[Caption-style text data]
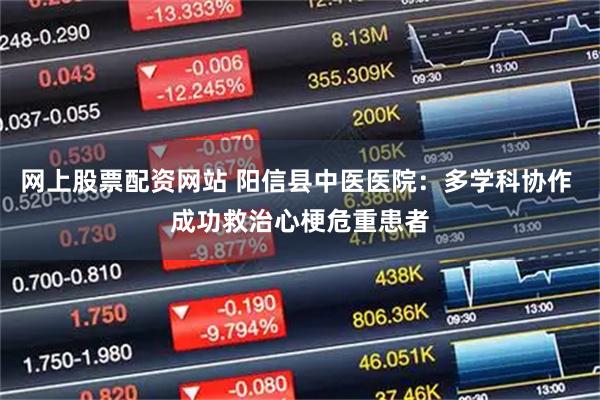 网上股票配资网站 阳信县中医医院:多学科协作 成功救治心梗危重患者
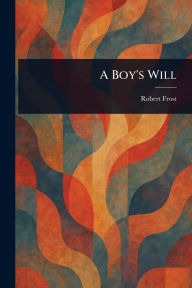 Title: A Boy's Will, Author: Robert Frost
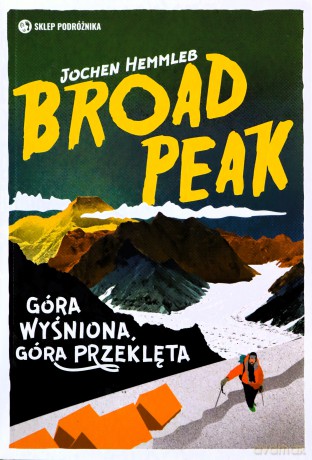Broad Peak - Jochen Hemmleb [KSIĄŻKA]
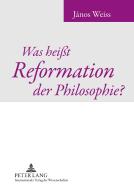 Was heißt Reformation der Philosophie? di János Weiss edito da Lang, Peter GmbH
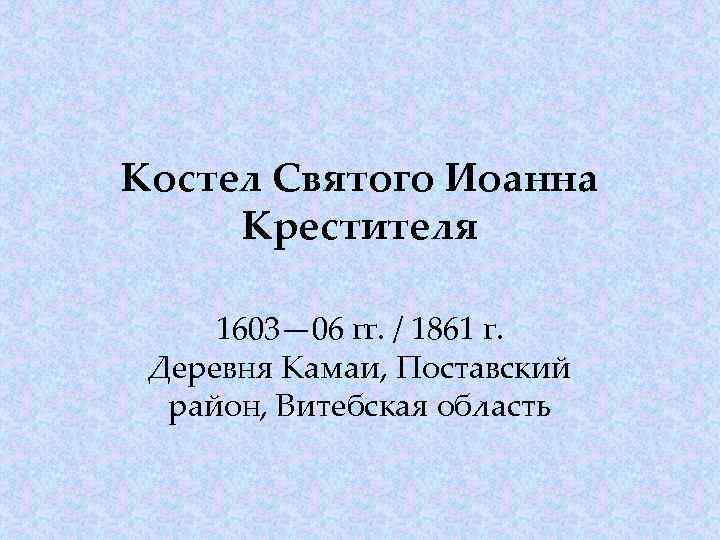 Костел Святого Иоанна Крестителя 1603— 06 гг. / 1861 г. Деревня Камаи, Поставский район,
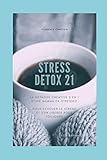 STRESS DETOX 21: La méthode anti-stress créative 2en1 d'une maman ex-stressée (French Edition) by FLORENCE CHRETIEN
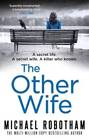 The Other Wife (Joseph O'Loughlin) - Paperback By Robotham, Michael - GOOD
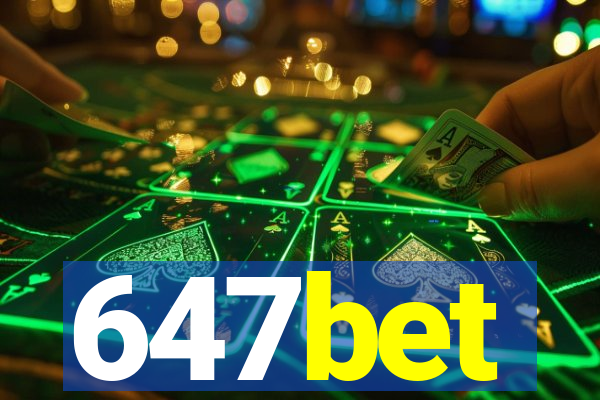 647bet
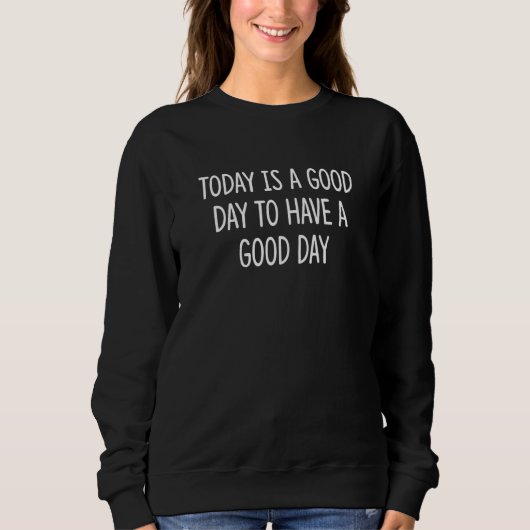 Today Is A Good Day To Have A Good Day Trui (Voorkant)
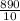 \frac{890}{10}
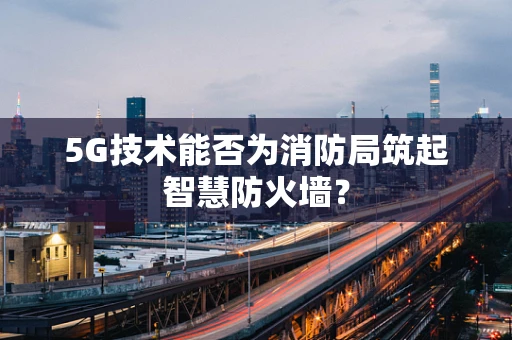 5G技术能否为消防局筑起智慧防火墙？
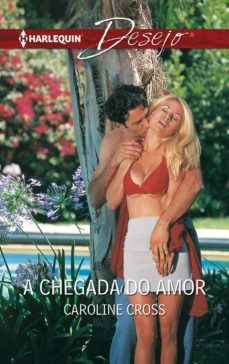 a chegada do amor (ebook)-caroline cross-9788491883388
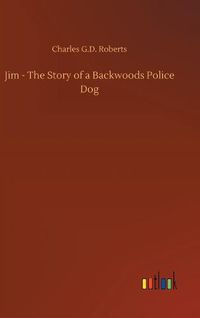 Cover image for Jim - The Story of a Backwoods Police Dog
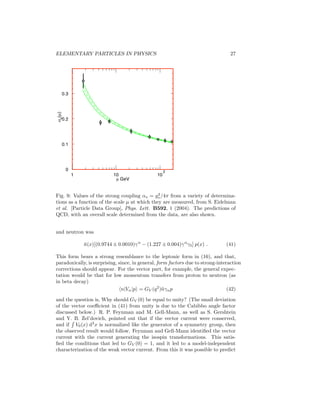 22 
Fig. 4: Distributions f(x) times the fraction x of the proton’s momentum carried 
by valence quarks uv, dv; gluons g; and sea quarks ¯ d, ¯u, s = ¯s, and c = ¯c, from 
S. Eidelman et al. [Particle Data Group], Phys. Lett. B592, 1 (2004). 
(e. g., amount of s¯s relative to u¯u) are also determined. The mechanism for deep 
inelastic scattering is the ejection of a single quark by the virtual photon, or by 
the weak current in the neutrino reactions. The model assumes that the quarks 
that make up the proton do not interact, and that seems somewhat mysterious. 
Furthermore, the model of the mechanism suggests that one quark is strongly 
deflected from the original path. If that is so, where is it? 
The problem of how the quarks appear to be noninteracting is answered by 
quantum field theory. There we find that the coupling strength is really mo-mentum 
dependent. For example, in quantum electrodynamics, because of the 
polarizability of the vacuum, the net charge of an electron seen from afar (low 
momentum transfer) is smaller than the charge as seen close in (large momen-tum 
transfer) where it is not shielded by the positrons produced virtually in the 
vacuum. Quantum electrodynamics is not the right kind of theory for quarks, 
since the coupling (charge) increases with momentum transfer. It was pointed 
out by D. Gross and F. Wilczek, by D. Politzer, and by G. ’t Hooft that a theory 
of quarks coupled via Yang–Mills vector mesons will have the property desired 
for the quarks probed with high-momentum-transfer currents. The requirement 
of such a high-momentum-transfer decoupling, named asymptotic freedom, thus 
suggests that the “glue” that binds the quarks together is generated by a non- 
Abelian gauge theory, which has the attraction of being renormalizable, uni-versal 
(only one coupling constant), and unique, once the number of “colors,” 
that is, the group structure, is determined. The high-energy lepton scattering 
experiments provide evidence for the existence of some kind of flavor-neutral 
glue, in that the data are well fitted in terms of quarks, except that only about 
50% of the momentum of the initial proton is attributable to quarks. It is now 
 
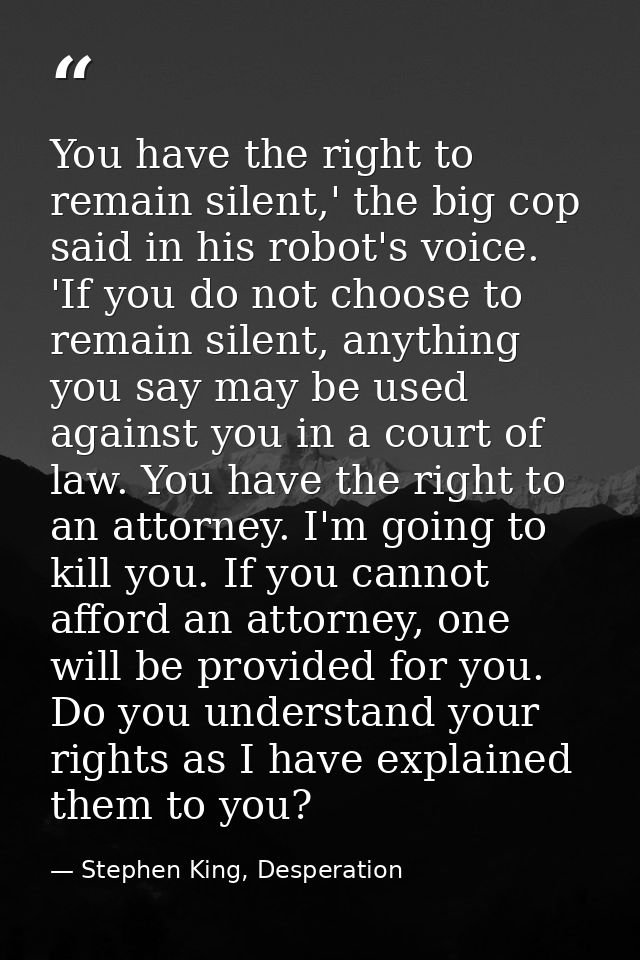You have the right to remain silent,' the big cop said in his robot's voice. 'If you do not choose to remain silent, any — Stephen King, Desperation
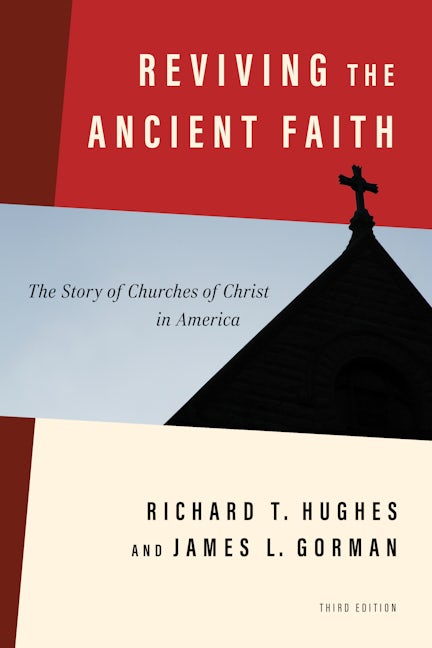 Cover image for Reviving the Ancient Faith, 3rd ed., isbn: 9780802877291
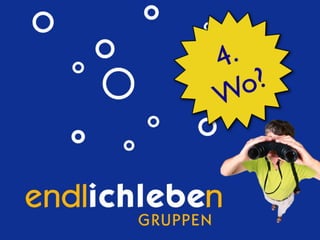 Überblick über die Idee: Endlich-Leben-Gruppen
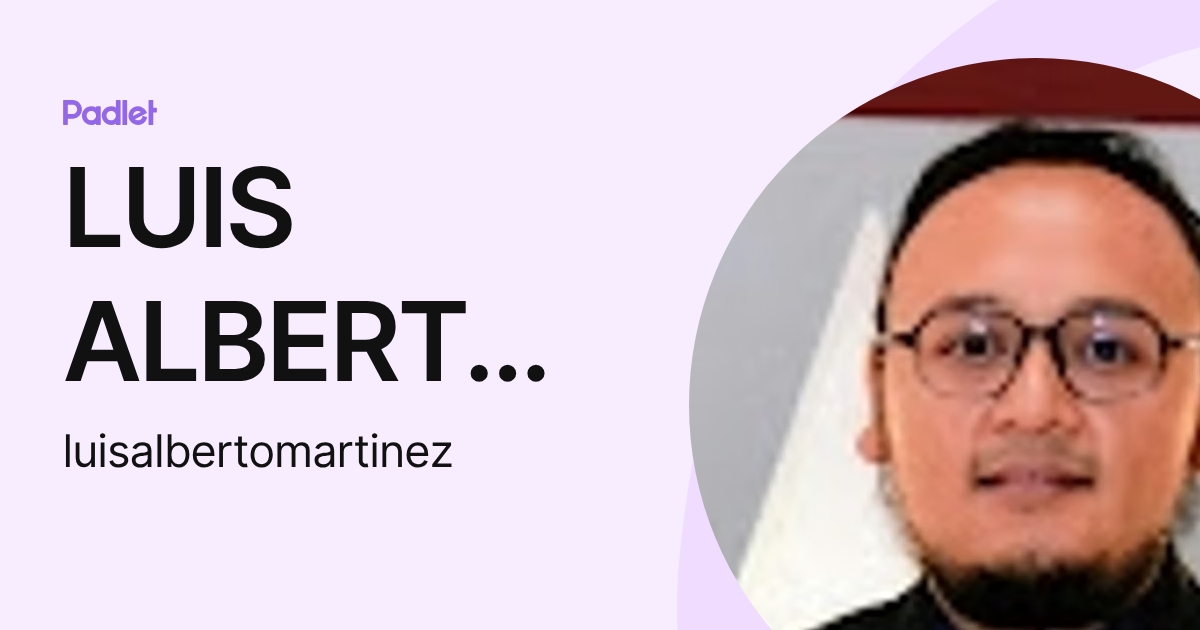 LUIS ALBERTO MARTINEZ FERNANDEZ (luisalbertomartinez) profile | Padlet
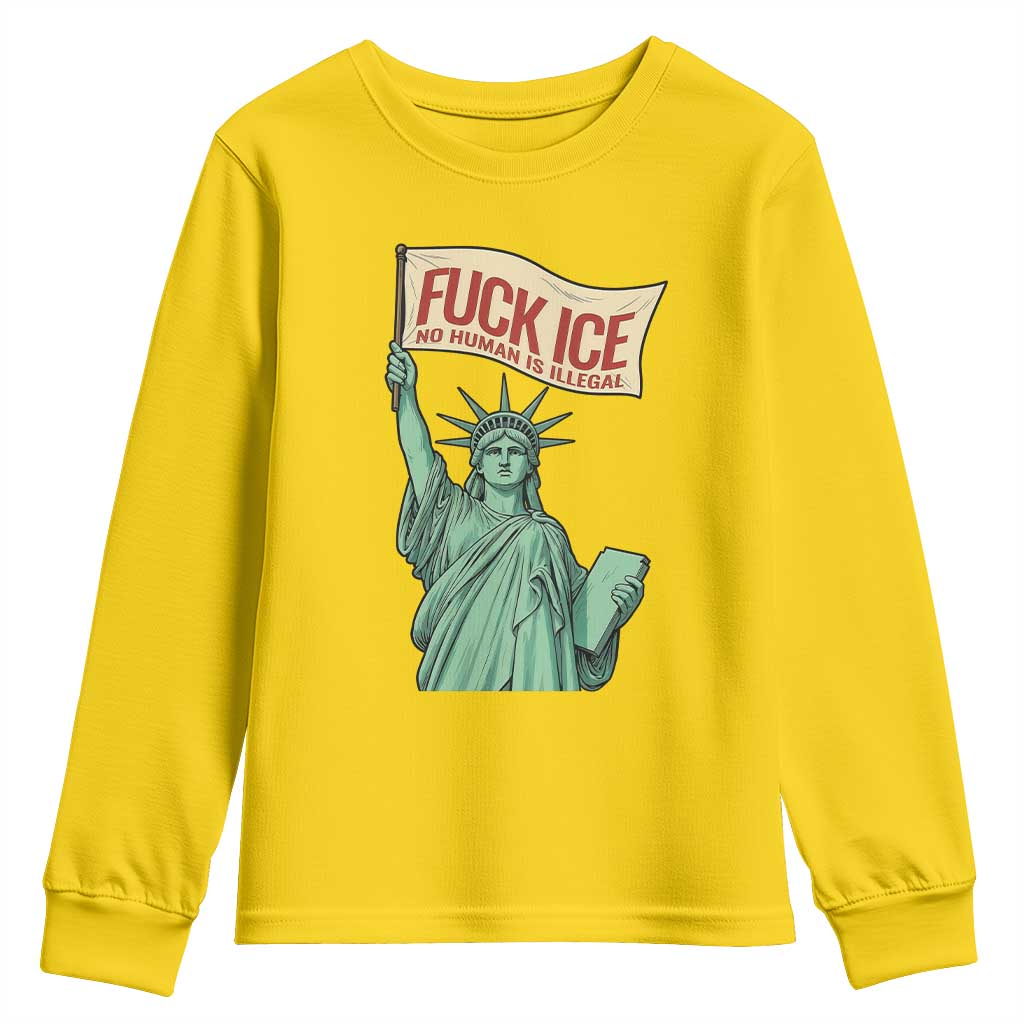 Fck Ice No Human Is Illegal Youth Sweatshirt Statue of Liberty Anti ICE Immigration Human Rights Protest TS14 Daisy Print Your Wear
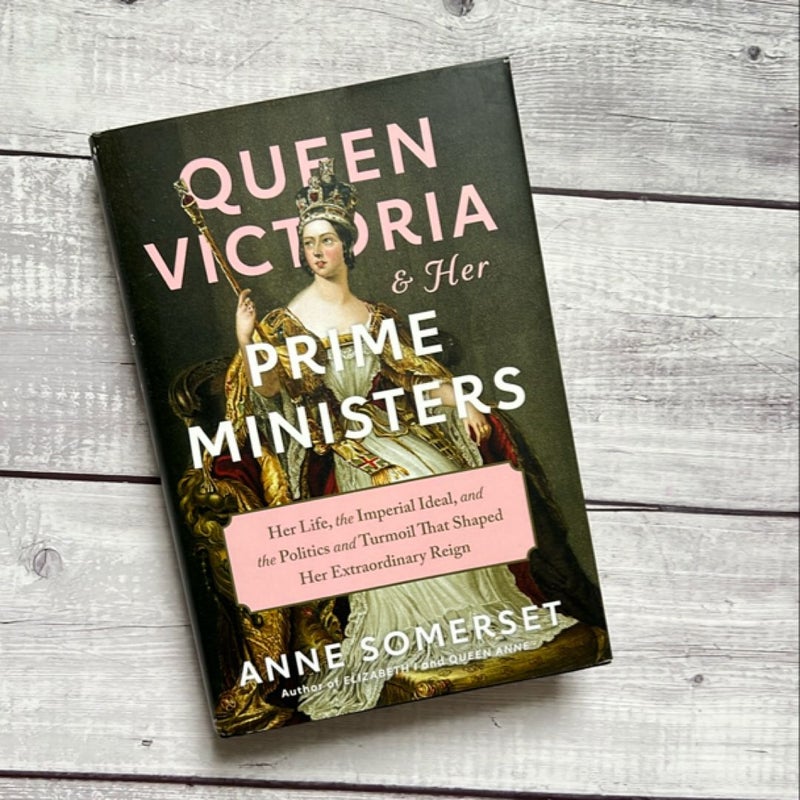 Queen Victoria and Her Prime Ministers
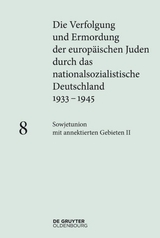 Die Verfolgung und Ermordung der europäischen Juden durch das nationalsozialistische... / Sowjetunion mit annektierten Gebieten II - 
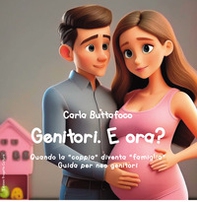 Genitori. E ora? Quando la «coppia» diventa «famiglia». Guida per neo genitori - Librerie.coop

▶ _Your objective_
How many of the lines above hold "where"? Answer with only the number.

▶ _Expected answer_
2